Probability of applying the crossover variation when generating the offspring, must be between 0 and 1. Given that there are n mutations, and either crossover or mutation is used to generate each individual in the offspring (but not both at the same time), we want to have by default an uniform probability between crossover and every possible mutation. By setting cx_prob=1/(n+1), and 1/n for each mutation, we can achieve an uniform distribution.

mutation_probsdict, default {“point”:1/6, “insert”:1/6, “delete”:1/6, “subtree”:1/6, “toggle_weight_on”:1/6, “toggle_weight_off”:1/6}

A dictionary with keys naming the types of mutation and floating point values specifying the fraction of total mutations to do with that method. The probability of having a mutation is (1-cx_prob) and, in case the mutation is applied, then each mutation option is sampled based on the probabilities defined in mutation_probs. The set of probabilities should add up to 1.0.

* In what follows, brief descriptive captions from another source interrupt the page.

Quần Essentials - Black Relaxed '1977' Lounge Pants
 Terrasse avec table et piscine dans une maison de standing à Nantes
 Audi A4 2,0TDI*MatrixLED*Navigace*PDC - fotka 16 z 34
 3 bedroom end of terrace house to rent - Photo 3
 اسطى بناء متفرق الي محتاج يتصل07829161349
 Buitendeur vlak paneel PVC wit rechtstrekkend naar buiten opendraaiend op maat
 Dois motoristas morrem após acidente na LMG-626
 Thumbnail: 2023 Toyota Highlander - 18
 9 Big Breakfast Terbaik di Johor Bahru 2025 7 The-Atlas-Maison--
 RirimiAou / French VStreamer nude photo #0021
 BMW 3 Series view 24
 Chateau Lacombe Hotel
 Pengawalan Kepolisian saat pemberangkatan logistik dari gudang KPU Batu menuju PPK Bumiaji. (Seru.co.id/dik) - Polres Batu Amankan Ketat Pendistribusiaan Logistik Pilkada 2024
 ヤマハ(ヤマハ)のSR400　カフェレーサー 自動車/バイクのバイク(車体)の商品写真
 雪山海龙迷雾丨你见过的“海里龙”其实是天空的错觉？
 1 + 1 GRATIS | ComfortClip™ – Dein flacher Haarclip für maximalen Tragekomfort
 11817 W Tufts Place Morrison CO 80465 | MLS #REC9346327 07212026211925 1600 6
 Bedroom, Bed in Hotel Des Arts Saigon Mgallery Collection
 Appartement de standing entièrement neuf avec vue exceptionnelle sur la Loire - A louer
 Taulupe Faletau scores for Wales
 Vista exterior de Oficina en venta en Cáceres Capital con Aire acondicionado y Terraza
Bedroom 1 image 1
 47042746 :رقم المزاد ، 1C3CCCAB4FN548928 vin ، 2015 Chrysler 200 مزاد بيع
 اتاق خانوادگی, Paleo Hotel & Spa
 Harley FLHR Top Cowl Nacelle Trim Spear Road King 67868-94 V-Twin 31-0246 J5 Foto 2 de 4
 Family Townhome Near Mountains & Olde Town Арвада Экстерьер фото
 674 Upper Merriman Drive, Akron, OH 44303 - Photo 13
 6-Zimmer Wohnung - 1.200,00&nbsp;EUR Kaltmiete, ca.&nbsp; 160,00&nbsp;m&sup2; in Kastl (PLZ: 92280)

functions: dict[str,float] or list[str], default {}

A dictionary with keys naming the function set and values giving the probability of sampling them, or a list of functions which will be weighted uniformly. If empty, all available functions are included in the search space.

initialization{“uniform”, “max_size”}, default “uniform”

Distribution of sizes on the initial population. If max_size, then every expression is created with max_size nodes. If uniform, size will be uniformly distributed between 1 and max_size.

objectiveslist[str], default [“error”, “size”]

list with one or more objectives to use. Options are “error”, “size”, “complexity”. If “error” is used, then it will be the mean squared error for regression, and accuracy for classification.

algorithm{“nsga2island”, “nsga2”, “gaisland”, “ga”}, default “nsga2”

Which Evolutionary Algorithm framework to use to evolve the population. This is used only in DeapEstimators.

weights_initbool, default True

Whether the search space should initialize the sampling weights of terminal nodes based on the correlation with the output y. If False, then all terminal nodes will have the same probability of 1.0.

validation_sizefloat, default 0.0

Percentage of samples to use as a hold-out partition. These samples are used to calculate statistics during evolution, but not used to train the models. The best_estimator_ will be selected using this partition. If zero, then the same data used for training is used for validation.

val_from_arch: boolean, optional (default: True)

Validates the final model using the archive rather than the whole population.

use_arch: boolean, optional (default: False)

Determines if we should save pareto front of the entire evolution (when set to True) or just the final population (False).

batch_sizefloat, default 1.0

Percentage of training data to sample every generation. If 1.0, then all data is used. Very small values can improve execution time, but also lead to underfit.

save_population: str, optional (default “”)

string containing the path to save the final population. Ignored if not provided.

load_population: str, optional (default “”)

string containing the path to load the initial population. Ignored if not provided.

shuffle_split: boolean, optional (default False)

whether if the engine should shuffle the data before splitting it into train and validation partitions. Ignored if validation_size is set to zero.

logfile: str, optional (default: “”)

If specified, spits statistics into a logfile. “” means don’t log.

random_state: int or None, default None

If int, then the value is used to seed the c++ random generator; if None, then a seed will be generated using a non-deterministic generator. It is important to notice that, even if the random state is fixed, it is unlikely that running brush using multiple threads will have the same results. This happens because the Operating System’s scheduler is responsible to choose which thread will run at any given time, thus reproductibility is not guaranteed.